What I really want is to put a upper limit on n. My ODE problem f(x) is very expensive to solve. Sometime I just want to get some “good enough” parameter estimation after say n = 100 iterations. “maxiter” does not seem to work.

That formula requires knowledge of \nabla f(x_n), the gradient of your function at some particular parameter x_n. So, if the solver is currently situated at some point x_n in parameter space, it needs to calculate the gradient at its local position in order to determine where x_{n+1} should be. How does the solver calculate this gradient? Commonly:

  • Most solvers allow another gradient function \nabla f to be explicitly provided by the user if you have one that is efficient to compute. Using this, each iteration requires one evaluation of f and one evaluation of the provided \nabla f.
  • A finite difference method could be used to estimate \nabla f, but now you need to compute at minimum f(x_n) and f(x_n+\Delta x) just to get an estimate of the gradient.
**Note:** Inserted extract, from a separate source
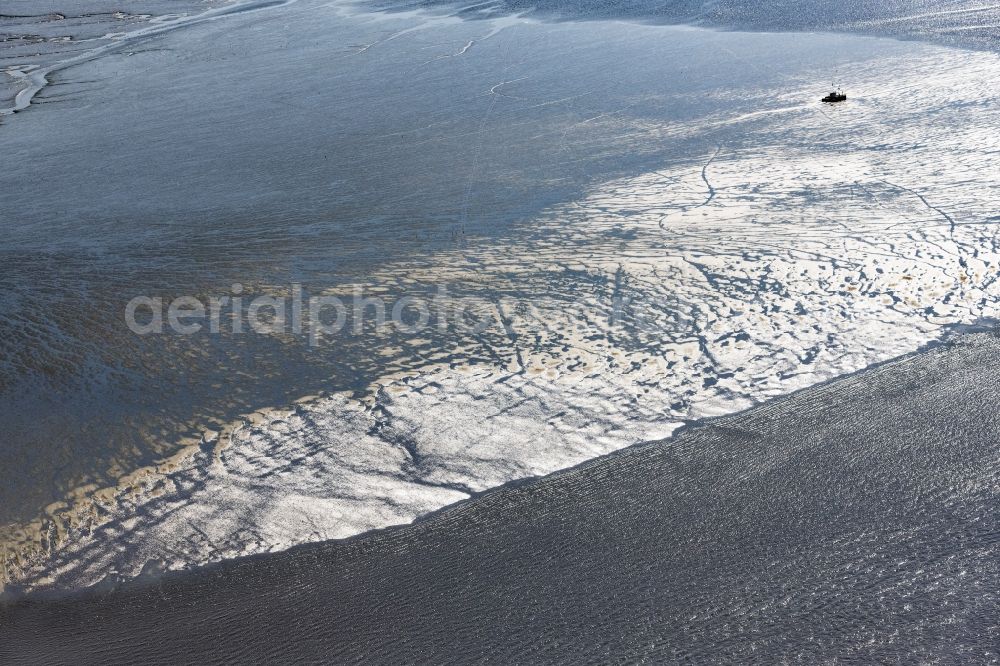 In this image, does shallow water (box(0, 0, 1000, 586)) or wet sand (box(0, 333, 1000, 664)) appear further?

Using this, each iteration requires at least 3 evaluations of f.
  • The default option: use automatic differentiation methods to calculate the actual \nabla f (to approximately within machine precision) for the cost of only a single additional evaluation of f. Using this, each iteration requires only 2 evaluations of f.

If this second evaluation of f is too costly for you, then you’ll need to either figure out a way to compute the gradient more efficiently, or consider selecting an optimization algorithm that doesn’t require gradient: see the list of Gradient-Free algorithms on the left-side column here.

I think mike is correct.
But to elaborate more the answer. I believe that you are using Optim.jl, so you can see the code here Optim.jl/src/multivariate/optimize/optimize.jl at master · JuliaNLSolvers/Optim.jl · GitHub around line 52

    while !converged && !stopped && iteration < options.iterations
        iteration += 1
        ls_success = !update_state!(d, state, method)

and the update_state! for the solver that you are using, in this case BFGS Optim.jl/src/multivariate/solvers/first_order/bfgs.jl at master · JuliaNLSolvers/Optim.jl · GitHub around line 141

    # Update current position
    state.dx .= state.alpha.*state.s
    state.x .= state.x .+ state.dx

which is more or less the equation that you wrote. So this part is controlled by options.iterations, since the options iterations and maxiters can overwrite the same variable, depending on the solver that you use, which you can see on you OptimizationOptimJL installed package, in the function __map_optimizer_args. For this particular solver the final value in options.iterations is given by maxiters.

Now, I think the arguments that you care about are f_calls_limit, g_calls_limit, h_calls_limit, that are related to mike’s answer. Which you can see them in action here Optim.jl/src/multivariate/optimize/optimize.jl at master · JuliaNLSolvers/Optim.jl · GitHub around line 79

        f_limit_reached = options.f_calls_limit > 0 && f_calls(d) >= options.f_calls_limit ? true : false
        g_limit_reached = options.g_calls_limit > 0 && g_calls(d) >= options.g_calls_limit ? true : false
        h_limit_reached = options.h_calls_limit > 0 && h_calls(d) >= options.h_calls_limit ? true : false

So do something like

res = solve(prob, Optim.BFGS(), maxiters=400; f_calls_limit=2000)
1 Like